===== THE INPUT

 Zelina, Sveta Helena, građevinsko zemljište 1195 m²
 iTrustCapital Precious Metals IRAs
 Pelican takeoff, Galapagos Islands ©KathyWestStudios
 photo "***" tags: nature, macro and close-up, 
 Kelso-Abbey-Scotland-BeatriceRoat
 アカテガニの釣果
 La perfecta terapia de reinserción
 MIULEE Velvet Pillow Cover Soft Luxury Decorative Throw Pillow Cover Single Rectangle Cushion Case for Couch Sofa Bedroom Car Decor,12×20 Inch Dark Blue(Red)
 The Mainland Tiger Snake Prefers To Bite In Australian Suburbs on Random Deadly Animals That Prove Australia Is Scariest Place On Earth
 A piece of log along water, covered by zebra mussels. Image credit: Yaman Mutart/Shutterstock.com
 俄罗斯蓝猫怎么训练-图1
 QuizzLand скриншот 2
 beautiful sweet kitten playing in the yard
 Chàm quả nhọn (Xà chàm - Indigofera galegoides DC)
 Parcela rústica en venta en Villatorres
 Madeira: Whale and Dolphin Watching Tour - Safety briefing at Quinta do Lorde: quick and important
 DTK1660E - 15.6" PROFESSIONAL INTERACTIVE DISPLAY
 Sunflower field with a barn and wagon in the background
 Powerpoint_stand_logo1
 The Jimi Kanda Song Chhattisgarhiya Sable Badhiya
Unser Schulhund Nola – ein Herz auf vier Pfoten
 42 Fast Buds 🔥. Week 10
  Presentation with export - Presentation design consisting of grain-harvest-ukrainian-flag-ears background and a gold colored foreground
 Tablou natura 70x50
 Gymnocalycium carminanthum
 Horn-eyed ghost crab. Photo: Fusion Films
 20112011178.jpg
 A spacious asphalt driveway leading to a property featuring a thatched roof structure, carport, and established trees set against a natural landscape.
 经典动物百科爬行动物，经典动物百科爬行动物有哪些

==========

### PROBLEM TO WORK ON
Please provide nothing but the number of lines in the records that hold the string "background".

### TASK ANSWER
2